• **PROBLEM**: The records that follow must be printed exactly as they are.

[Collection entries]
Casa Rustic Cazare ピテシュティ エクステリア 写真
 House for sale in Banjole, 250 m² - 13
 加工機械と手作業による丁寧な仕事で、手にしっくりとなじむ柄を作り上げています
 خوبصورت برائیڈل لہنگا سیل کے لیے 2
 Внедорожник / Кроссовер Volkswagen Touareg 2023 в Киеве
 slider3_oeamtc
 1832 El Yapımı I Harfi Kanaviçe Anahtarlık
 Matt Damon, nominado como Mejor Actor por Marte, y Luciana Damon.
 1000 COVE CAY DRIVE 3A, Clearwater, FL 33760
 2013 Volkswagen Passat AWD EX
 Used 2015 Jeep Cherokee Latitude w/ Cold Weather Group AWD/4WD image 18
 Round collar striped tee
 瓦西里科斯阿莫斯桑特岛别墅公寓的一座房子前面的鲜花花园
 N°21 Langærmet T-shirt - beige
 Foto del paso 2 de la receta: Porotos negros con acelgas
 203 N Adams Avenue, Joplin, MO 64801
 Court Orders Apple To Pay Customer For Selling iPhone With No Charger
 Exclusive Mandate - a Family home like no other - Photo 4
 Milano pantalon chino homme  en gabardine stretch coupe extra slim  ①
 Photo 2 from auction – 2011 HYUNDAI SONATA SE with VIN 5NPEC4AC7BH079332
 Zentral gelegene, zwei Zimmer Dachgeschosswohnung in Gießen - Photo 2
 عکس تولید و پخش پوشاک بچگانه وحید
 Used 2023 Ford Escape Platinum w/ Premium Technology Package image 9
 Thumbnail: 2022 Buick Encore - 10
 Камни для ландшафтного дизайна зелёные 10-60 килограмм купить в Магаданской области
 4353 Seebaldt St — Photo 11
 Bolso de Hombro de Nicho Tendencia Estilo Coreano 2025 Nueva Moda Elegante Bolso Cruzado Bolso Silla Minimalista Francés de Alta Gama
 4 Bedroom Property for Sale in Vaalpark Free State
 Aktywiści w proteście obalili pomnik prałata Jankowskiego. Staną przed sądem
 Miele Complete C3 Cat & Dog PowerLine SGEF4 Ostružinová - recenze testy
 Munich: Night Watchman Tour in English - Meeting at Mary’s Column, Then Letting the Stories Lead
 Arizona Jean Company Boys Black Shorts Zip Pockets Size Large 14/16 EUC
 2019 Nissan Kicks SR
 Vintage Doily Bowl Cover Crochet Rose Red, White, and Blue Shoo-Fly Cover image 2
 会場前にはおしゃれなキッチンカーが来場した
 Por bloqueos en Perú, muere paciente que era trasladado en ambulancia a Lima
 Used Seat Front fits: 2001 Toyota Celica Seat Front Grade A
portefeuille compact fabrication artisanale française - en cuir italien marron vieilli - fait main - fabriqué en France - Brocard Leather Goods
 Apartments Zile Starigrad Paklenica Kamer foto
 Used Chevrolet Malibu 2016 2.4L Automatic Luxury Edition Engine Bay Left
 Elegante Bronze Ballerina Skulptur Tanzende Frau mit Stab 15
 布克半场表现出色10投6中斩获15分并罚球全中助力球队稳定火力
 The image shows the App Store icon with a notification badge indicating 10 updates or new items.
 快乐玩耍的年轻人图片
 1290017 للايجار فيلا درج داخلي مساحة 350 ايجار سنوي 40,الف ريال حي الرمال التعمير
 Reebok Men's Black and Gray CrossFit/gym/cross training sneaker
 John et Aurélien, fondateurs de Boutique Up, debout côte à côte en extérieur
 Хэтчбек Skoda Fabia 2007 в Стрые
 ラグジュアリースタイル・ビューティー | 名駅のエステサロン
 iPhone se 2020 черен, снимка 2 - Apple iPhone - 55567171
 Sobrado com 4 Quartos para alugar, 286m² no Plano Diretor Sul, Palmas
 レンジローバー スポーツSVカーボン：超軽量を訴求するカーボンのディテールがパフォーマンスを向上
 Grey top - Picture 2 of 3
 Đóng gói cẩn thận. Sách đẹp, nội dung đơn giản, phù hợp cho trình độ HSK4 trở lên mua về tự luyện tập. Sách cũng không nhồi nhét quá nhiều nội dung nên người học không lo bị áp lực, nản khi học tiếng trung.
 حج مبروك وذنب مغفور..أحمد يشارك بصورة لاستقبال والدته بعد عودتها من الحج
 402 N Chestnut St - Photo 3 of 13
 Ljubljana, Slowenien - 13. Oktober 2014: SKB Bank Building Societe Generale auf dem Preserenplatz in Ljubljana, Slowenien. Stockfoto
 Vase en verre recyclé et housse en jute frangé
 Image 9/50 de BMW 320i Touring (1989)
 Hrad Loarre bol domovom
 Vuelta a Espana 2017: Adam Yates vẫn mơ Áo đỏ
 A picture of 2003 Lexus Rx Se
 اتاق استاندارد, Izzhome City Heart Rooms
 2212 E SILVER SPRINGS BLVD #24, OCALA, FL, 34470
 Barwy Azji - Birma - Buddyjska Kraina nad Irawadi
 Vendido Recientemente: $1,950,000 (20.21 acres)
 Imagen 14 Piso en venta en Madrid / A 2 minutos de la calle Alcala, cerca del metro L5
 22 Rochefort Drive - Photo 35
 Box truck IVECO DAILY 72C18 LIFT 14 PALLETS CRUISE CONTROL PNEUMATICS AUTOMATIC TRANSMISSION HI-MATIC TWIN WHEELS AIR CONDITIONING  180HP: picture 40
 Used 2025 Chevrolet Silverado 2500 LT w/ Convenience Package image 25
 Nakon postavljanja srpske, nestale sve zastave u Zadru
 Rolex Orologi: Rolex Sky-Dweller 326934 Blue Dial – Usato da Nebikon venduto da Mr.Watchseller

• **TASK RESULT**:
Casa Rustic Cazare ピテシュティ エクステリア 写真
 House for sale in Banjole, 250 m² - 13
 加工機械と手作業による丁寧な仕事で、手にしっくりとなじむ柄を作り上げています
 خوبصورت برائیڈل لہنگا سیل کے لیے 2
 Внедорожник / Кроссовер Volkswagen Touareg 2023 в Киеве
 slider3_oeamtc
 1832 El Yapımı I Harfi Kanaviçe Anahtarlık
 Matt Damon, nominado como Mejor Actor por Marte, y Luciana Damon.
 1000 COVE CAY DRIVE 3A, Clearwater, FL 33760
 2013 Volkswagen Passat AWD EX
 Used 2015 Jeep Cherokee Latitude w/ Cold Weather Group AWD/4WD image 18
 Round collar striped tee
 瓦西里科斯阿莫斯桑特岛别墅公寓的一座房子前面的鲜花花园
 N°21 Langærmet T-shirt - beige
 Foto del paso 2 de la receta: Porotos negros con acelgas
 203 N Adams Avenue, Joplin, MO 64801
 Court Orders Apple To Pay Customer For Selling iPhone With No Charger
 Exclusive Mandate - a Family home like no other - Photo 4
 Milano pantalon chino homme  en gabardine stretch coupe extra slim  ①
 Photo 2 from auction – 2011 HYUNDAI SONATA SE with VIN 5NPEC4AC7BH079332
 Zentral gelegene, zwei Zimmer Dachgeschosswohnung in Gießen - Photo 2
 عکس تولید و پخش پوشاک بچگانه وحید
 Used 2023 Ford Escape Platinum w/ Premium Technology Package image 9
 Thumbnail: 2022 Buick Encore - 10
 Камни для ландшафтного дизайна зелёные 10-60 килограмм купить в Магаданской области
 4353 Seebaldt St — Photo 11
 Bolso de Hombro de Nicho Tendencia Estilo Coreano 2025 Nueva Moda Elegante Bolso Cruzado Bolso Silla Minimalista Francés de Alta Gama
 4 Bedroom Property for Sale in Vaalpark Free State
 Aktywiści w proteście obalili pomnik prałata Jankowskiego. Staną przed sądem
 Miele Complete C3 Cat & Dog PowerLine SGEF4 Ostružinová - recenze testy
 Munich: Night Watchman Tour in English - Meeting at Mary’s Column, Then Letting the Stories Lead
 Arizona Jean Company Boys Black Shorts Zip Pockets Size Large 14/16 EUC
 2019 Nissan Kicks SR
 Vintage Doily Bowl Cover Crochet Rose Red, White, and Blue Shoo-Fly Cover image 2
 会場前にはおしゃれなキッチンカーが来場した
 Por bloqueos en Perú, muere paciente que era trasladado en ambulancia a Lima
 Used Seat Front fits: 2001 Toyota Celica Seat Front Grade A
portefeuille compact fabrication artisanale française - en cuir italien marron vieilli - fait main - fabriqué en France - Brocard Leather Goods
 Apartments Zile Starigrad Paklenica Kamer foto
 Used Chevrolet Malibu 2016 2.4L Automatic Luxury Edition Engine Bay Left
 Elegante Bronze Ballerina Skulptur Tanzende Frau mit Stab 15
 布克半场表现出色10投6中斩获15分并罚球全中助力球队稳定火力
 The image shows the App Store icon with a notification badge indicating 10 updates or new items.
 快乐玩耍的年轻人图片
 1290017 للايجار فيلا درج داخلي مساحة 350 ايجار سنوي 40,الف ريال حي الرمال التعمير
 Reebok Men's Black and Gray CrossFit/gym/cross training sneaker
 John et Aurélien, fondateurs de Boutique Up, debout côte à côte en extérieur
 Хэтчбек Skoda Fabia 2007 в Стрые
 ラグジュアリースタイル・ビューティー | 名駅のエステサロン
 iPhone se 2020 черен, снимка 2 - Apple iPhone - 55567171
 Sobrado com 4 Quartos para alugar, 286m² no Plano Diretor Sul, Palmas
 レンジローバー スポーツSVカーボン：超軽量を訴求するカーボンのディテールがパフォーマンスを向上
 Grey top - Picture 2 of 3
 Đóng gói cẩn thận. Sách đẹp, nội dung đơn giản, phù hợp cho trình độ HSK4 trở lên mua về tự luyện tập. Sách cũng không nhồi nhét quá nhiều nội dung nên người học không lo bị áp lực, nản khi học tiếng trung.
 حج مبروك وذنب مغفور..أحمد يشارك بصورة لاستقبال والدته بعد عودتها من الحج
 402 N Chestnut St - Photo 3 of 13
 Ljubljana, Slowenien - 13. Oktober 2014: SKB Bank Building Societe Generale auf dem Preserenplatz in Ljubljana, Slowenien. Stockfoto
 Vase en verre recyclé et housse en jute frangé
 Image 9/50 de BMW 320i Touring (1989)
 Hrad Loarre bol domovom
 Vuelta a Espana 2017: Adam Yates vẫn mơ Áo đỏ
 A picture of 2003 Lexus Rx Se
 اتاق استاندارد, Izzhome City Heart Rooms
 2212 E SILVER SPRINGS BLVD #24, OCALA, FL, 34470
 Barwy Azji - Birma - Buddyjska Kraina nad Irawadi
 Vendido Recientemente: $1,950,000 (20.21 acres)
 Imagen 14 Piso en venta en Madrid / A 2 minutos de la calle Alcala, cerca del metro L5
 22 Rochefort Drive - Photo 35
 Box truck IVECO DAILY 72C18 LIFT 14 PALLETS CRUISE CONTROL PNEUMATICS AUTOMATIC TRANSMISSION HI-MATIC TWIN WHEELS AIR CONDITIONING  180HP: picture 40
 Used 2025 Chevrolet Silverado 2500 LT w/ Convenience Package image 25
 Nakon postavljanja srpske, nestale sve zastave u Zadru
 Rolex Orologi: Rolex Sky-Dweller 326934 Blue Dial – Usato da Nebikon venduto da Mr.Watchseller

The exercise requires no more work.